A 3D printed puzzle designed by Frans de Vreugd and printed by George Miller. It is available commercially. Photo by Signe Brewster

It’s inevitable that there is a clash coming over intellectual property rights in the 3D printing world. But just how violent will it be?

“3D printing today is like Napster and file sharing in 1999,” said James Malackowski, CEO of intellectual capital consulting firm Ocean Tomo. “You can imagine there is a road in the woods that diverges and people are going to have to make the choice which path they follow.”

Malackowski spoke on a panel today at the Inside 3D Printing conference in San Jose, where experts considered the best way to make 3D printable file sharing a safe and mainstream activity. Like music files, they can easily be pirated, stealing a designer of their chance to make money off their work. But unlike music files, 3D files are highly non-standardized, and there is rarely a guarantee to a consumer that a design they are considering buying is actually reliable and compatible with their printer.

There are many paths that could bring about standard IP practices in the industry, from strict government regulation to an industry trade organization to seeding habits among consumers that make them comfortable with paying for 3D objects.

Panelists agreed any government action would need to be educated and measured.

“I hope we will not have a Napster moment,” author and technology analyst Melba Kurman said. “I think Napster did leave a real bad taste in everyone’s mouth. It was an oversimplified and draconian reaction.”

Malackowski noted that unlike the film and music industries, 3D printing is not centralized in the U.S. Companies are global, which would make it more difficult for any one government to effectively regulate it.

3D printing marketplace Azavy co-founder Tyler Benster said 3D printed designs themselves also need to improve, which will increase trust and expand available designs. Instead of the huge marketplaces like Thingiverse, where designs are unregulated and potentially unprintable, consumers should be able to trust any design they choose will be compatible with their printer.

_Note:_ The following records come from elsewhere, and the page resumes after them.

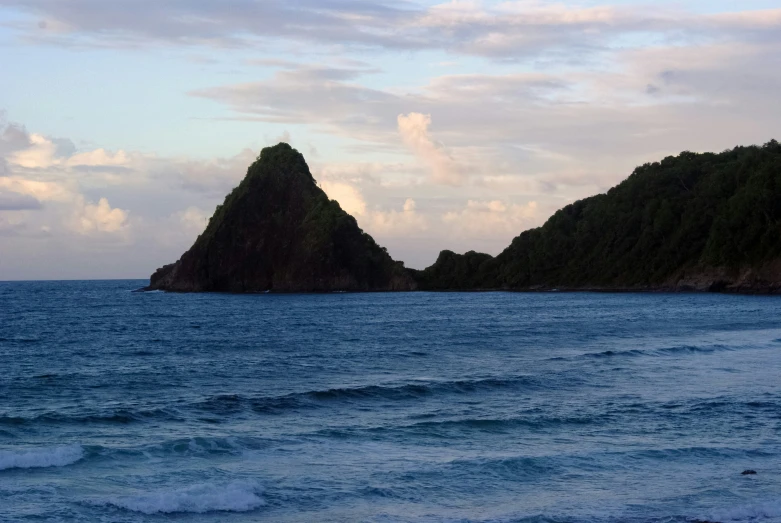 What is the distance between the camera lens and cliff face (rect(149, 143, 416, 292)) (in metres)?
160

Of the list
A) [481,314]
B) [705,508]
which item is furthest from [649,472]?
[481,314]

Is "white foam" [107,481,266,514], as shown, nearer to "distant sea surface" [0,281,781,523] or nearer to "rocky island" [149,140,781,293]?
"distant sea surface" [0,281,781,523]

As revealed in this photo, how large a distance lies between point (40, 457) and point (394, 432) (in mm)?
9247

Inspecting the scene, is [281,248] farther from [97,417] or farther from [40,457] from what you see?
[40,457]

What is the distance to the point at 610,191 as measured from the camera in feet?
525

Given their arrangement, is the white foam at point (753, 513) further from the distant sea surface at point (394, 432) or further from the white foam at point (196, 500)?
the white foam at point (196, 500)

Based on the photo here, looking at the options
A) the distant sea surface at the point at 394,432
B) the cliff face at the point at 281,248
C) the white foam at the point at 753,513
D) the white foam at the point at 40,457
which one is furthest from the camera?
the cliff face at the point at 281,248

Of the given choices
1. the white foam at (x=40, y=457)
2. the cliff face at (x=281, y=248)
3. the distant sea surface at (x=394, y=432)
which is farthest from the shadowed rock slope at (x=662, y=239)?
the white foam at (x=40, y=457)

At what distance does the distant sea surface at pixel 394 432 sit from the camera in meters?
16.6

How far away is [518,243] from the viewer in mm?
168000

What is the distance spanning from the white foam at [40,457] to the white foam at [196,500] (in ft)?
12.6

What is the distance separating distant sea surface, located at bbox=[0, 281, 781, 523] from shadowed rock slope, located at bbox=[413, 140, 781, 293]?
73.7 meters

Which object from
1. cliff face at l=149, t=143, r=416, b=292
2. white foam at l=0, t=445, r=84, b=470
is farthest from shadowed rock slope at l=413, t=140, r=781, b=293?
white foam at l=0, t=445, r=84, b=470

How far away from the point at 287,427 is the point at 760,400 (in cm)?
1533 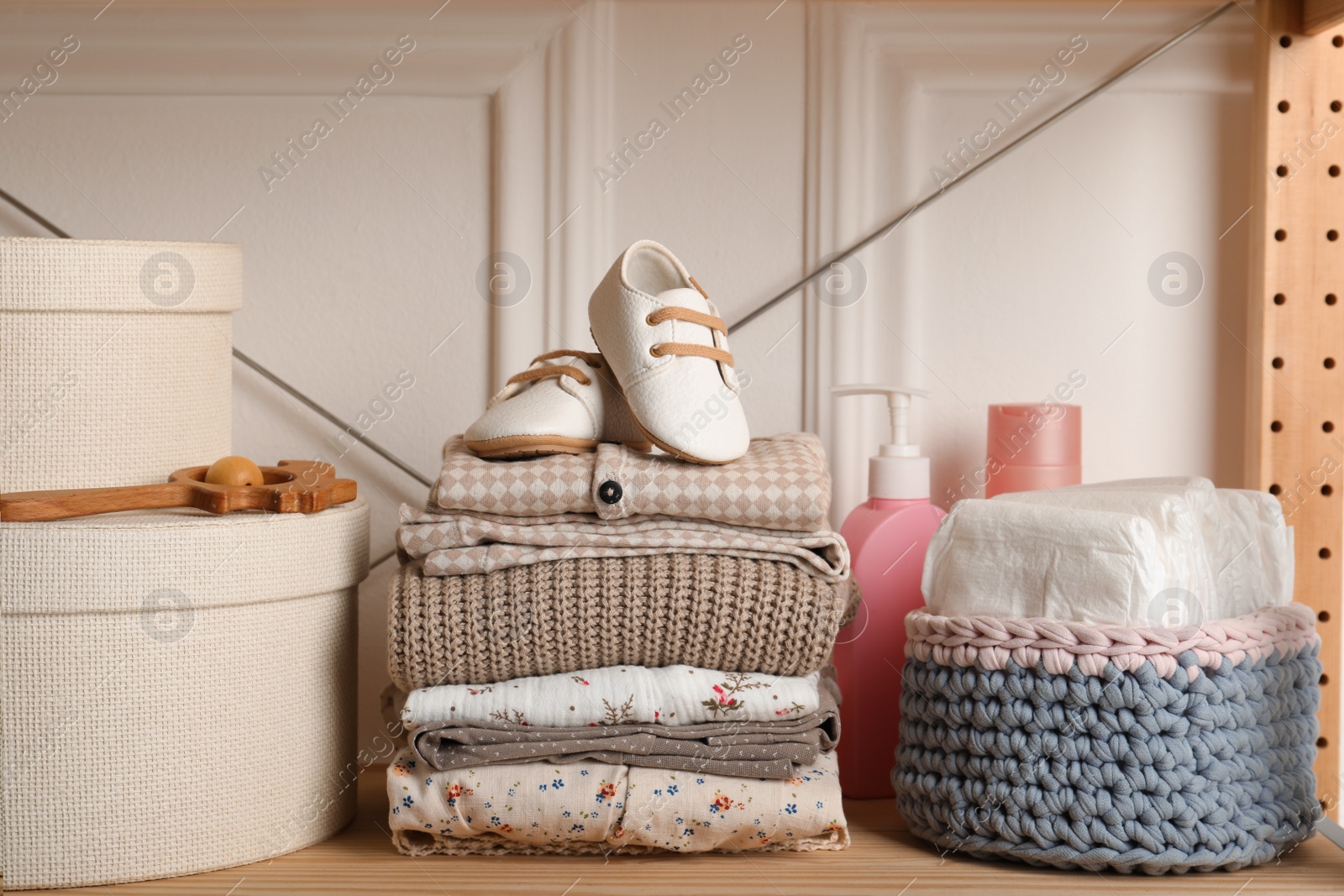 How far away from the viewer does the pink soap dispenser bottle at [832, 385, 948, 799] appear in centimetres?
81

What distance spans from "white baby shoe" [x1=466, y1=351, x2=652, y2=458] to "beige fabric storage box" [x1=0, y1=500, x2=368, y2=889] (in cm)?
14

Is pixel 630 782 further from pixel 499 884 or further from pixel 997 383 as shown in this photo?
pixel 997 383

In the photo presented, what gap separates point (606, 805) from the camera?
663 mm

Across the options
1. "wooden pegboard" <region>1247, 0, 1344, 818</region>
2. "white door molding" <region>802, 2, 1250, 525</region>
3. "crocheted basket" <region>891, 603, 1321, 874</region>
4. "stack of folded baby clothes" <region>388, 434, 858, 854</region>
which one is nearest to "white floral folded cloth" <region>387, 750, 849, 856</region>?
"stack of folded baby clothes" <region>388, 434, 858, 854</region>

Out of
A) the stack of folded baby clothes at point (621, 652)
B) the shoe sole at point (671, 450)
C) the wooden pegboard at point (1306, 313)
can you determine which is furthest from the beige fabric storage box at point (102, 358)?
the wooden pegboard at point (1306, 313)

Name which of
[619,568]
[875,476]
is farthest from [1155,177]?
Answer: [619,568]

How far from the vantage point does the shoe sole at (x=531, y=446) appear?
72 centimetres

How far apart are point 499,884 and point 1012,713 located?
0.32 m

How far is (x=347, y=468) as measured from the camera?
0.94 meters

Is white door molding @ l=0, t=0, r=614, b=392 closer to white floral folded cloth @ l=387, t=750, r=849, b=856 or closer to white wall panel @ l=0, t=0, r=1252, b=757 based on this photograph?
white wall panel @ l=0, t=0, r=1252, b=757

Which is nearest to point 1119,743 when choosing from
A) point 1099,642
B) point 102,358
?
point 1099,642

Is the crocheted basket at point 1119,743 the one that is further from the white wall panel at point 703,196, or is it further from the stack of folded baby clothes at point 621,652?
the white wall panel at point 703,196

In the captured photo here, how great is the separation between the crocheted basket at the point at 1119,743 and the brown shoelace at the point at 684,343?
223 millimetres

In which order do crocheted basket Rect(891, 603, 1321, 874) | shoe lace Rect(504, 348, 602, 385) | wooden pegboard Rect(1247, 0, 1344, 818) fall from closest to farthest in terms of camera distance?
crocheted basket Rect(891, 603, 1321, 874)
shoe lace Rect(504, 348, 602, 385)
wooden pegboard Rect(1247, 0, 1344, 818)
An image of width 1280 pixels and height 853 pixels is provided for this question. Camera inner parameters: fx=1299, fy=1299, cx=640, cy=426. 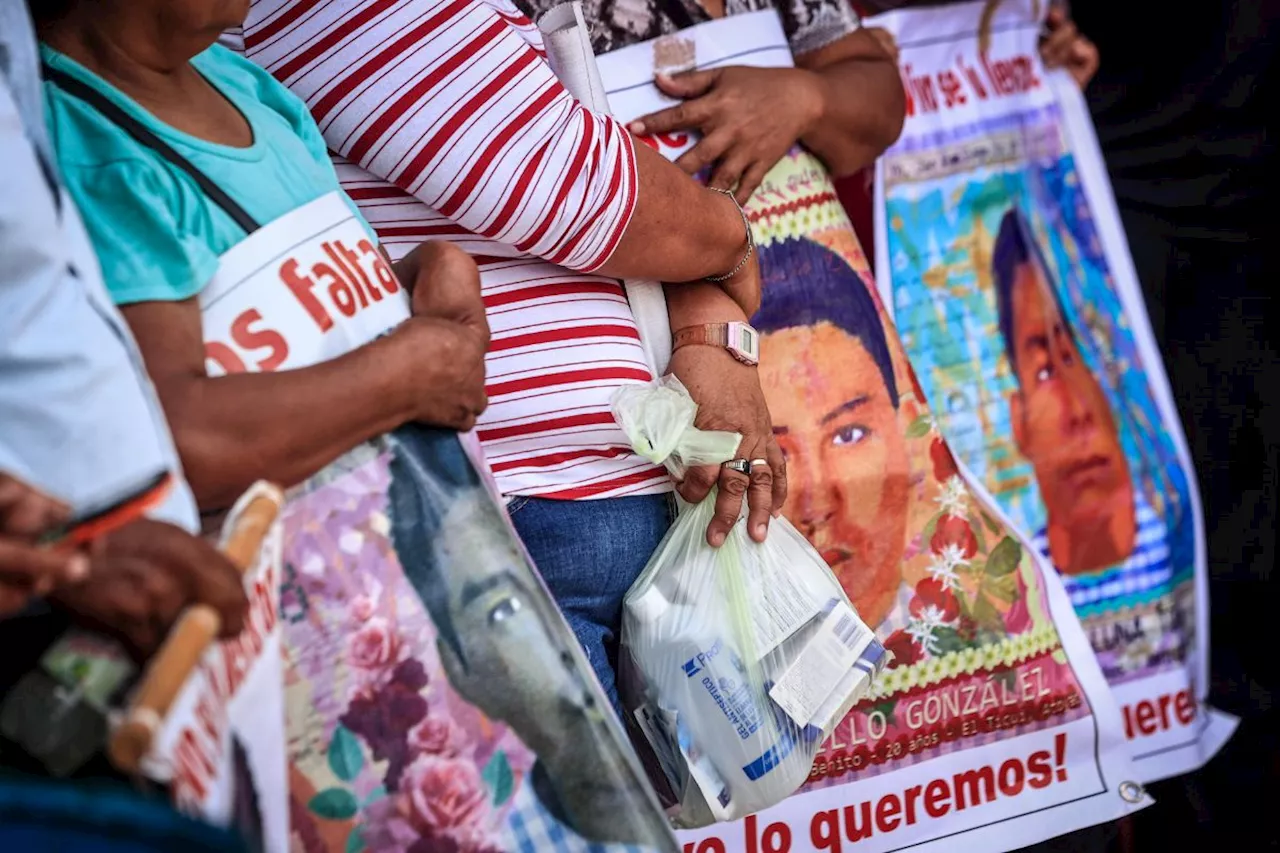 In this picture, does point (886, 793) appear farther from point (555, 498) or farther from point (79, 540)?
point (79, 540)

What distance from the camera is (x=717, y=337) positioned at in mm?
1434

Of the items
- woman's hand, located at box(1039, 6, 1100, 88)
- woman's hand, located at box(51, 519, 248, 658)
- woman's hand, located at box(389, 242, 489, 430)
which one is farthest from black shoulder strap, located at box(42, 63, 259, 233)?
woman's hand, located at box(1039, 6, 1100, 88)

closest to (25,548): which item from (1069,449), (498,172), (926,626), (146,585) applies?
(146,585)

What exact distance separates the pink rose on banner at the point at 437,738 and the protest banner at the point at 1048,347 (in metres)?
1.23

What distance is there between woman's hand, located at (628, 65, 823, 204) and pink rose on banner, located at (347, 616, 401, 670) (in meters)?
0.78

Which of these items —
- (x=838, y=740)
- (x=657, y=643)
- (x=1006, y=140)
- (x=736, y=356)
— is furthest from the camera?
(x=1006, y=140)

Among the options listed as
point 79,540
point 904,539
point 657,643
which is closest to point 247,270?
point 79,540

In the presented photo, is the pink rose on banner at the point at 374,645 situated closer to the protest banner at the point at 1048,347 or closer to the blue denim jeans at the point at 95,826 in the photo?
the blue denim jeans at the point at 95,826

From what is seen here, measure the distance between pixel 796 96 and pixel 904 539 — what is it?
1.88 feet

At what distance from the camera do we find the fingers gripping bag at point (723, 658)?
1276mm

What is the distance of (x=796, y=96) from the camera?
5.34 feet

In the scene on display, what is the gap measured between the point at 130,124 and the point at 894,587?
106cm

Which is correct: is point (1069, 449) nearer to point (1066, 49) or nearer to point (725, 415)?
point (1066, 49) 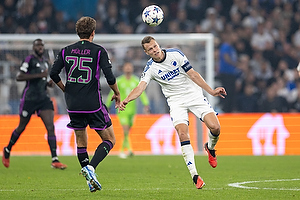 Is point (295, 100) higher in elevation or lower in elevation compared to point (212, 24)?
lower

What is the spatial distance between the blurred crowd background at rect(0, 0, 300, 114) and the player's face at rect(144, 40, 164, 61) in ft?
32.9

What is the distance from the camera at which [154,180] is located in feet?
28.6

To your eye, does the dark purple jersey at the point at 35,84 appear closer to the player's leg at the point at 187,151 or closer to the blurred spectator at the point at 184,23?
the player's leg at the point at 187,151

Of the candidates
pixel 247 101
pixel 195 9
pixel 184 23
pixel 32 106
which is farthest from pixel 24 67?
pixel 195 9

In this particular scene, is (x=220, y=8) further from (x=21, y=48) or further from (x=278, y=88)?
(x=21, y=48)

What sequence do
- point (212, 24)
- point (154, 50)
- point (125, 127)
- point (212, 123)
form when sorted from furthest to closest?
point (212, 24), point (125, 127), point (212, 123), point (154, 50)

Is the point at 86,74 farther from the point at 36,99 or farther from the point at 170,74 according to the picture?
the point at 36,99

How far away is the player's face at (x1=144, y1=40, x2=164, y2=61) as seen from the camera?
7.80 meters

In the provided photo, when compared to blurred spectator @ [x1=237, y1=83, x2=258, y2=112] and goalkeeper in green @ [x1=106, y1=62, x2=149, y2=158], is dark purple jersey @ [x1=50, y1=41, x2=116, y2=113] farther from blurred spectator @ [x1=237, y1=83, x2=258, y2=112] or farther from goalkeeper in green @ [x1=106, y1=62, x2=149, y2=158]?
blurred spectator @ [x1=237, y1=83, x2=258, y2=112]

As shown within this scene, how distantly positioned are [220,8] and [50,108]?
11.3m

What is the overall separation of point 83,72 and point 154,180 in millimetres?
2567

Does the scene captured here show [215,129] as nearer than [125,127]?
Yes

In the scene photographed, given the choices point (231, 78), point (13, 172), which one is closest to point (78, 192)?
point (13, 172)

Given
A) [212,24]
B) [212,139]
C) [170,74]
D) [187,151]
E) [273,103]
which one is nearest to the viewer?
[187,151] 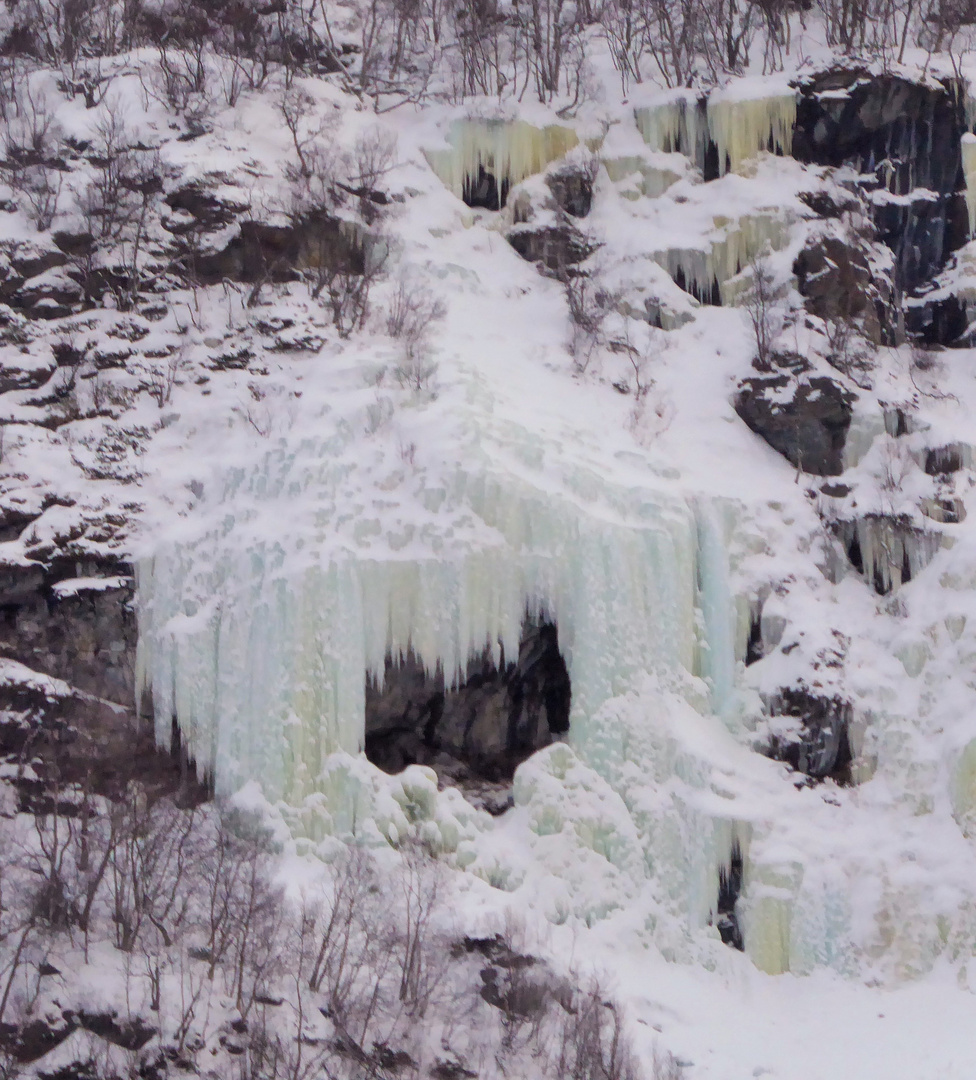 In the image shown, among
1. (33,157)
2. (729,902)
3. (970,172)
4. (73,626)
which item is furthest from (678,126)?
(729,902)

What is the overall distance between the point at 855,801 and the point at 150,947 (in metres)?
9.38

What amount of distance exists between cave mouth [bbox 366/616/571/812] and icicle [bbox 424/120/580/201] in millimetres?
11014

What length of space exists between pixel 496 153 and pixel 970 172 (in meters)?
9.01

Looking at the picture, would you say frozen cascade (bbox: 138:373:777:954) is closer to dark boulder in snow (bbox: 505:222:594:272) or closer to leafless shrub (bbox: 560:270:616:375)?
leafless shrub (bbox: 560:270:616:375)

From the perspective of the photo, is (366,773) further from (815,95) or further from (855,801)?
(815,95)

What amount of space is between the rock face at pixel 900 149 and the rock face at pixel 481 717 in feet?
37.2

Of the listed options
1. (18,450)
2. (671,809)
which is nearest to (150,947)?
(671,809)

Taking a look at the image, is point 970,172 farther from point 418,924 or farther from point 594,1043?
point 594,1043

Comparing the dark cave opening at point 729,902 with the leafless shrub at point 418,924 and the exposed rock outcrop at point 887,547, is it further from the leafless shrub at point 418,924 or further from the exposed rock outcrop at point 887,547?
the exposed rock outcrop at point 887,547

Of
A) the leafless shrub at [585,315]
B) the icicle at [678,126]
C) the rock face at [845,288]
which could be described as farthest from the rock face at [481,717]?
the icicle at [678,126]

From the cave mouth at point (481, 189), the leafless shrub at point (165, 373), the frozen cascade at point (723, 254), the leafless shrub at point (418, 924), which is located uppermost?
the cave mouth at point (481, 189)

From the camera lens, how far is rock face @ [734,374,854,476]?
20797mm

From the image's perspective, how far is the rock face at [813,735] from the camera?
17.9 m

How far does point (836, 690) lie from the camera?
59.5 ft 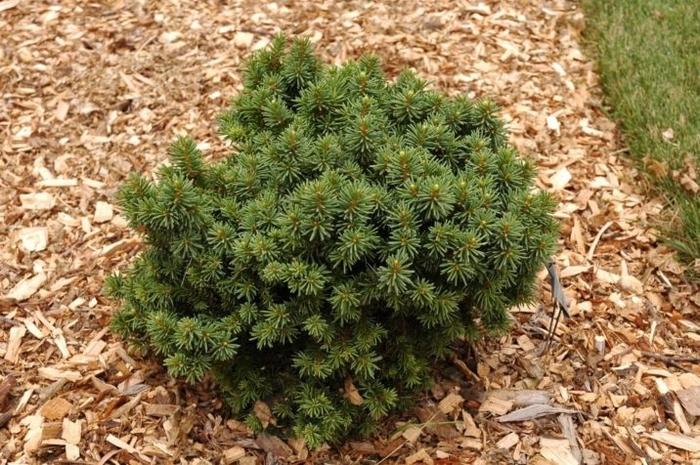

Benster said high quality designs within a highly useable interface could drive customers to pay for files. He named iTunes as an example; it is so easy to use that people don’t mind paying for music.

That trend will only happen if 3D printers hold up their end too. 3D streaming platform Fabulonia chief architect John Dogru said people and companies will feel comfortable selling 3D printable designs once 3D printers are totally reliable.

“I think it will happen naturally and I think it will come from a few industry leaders having a high quality printer that can work with a one-click print,” Dogru said.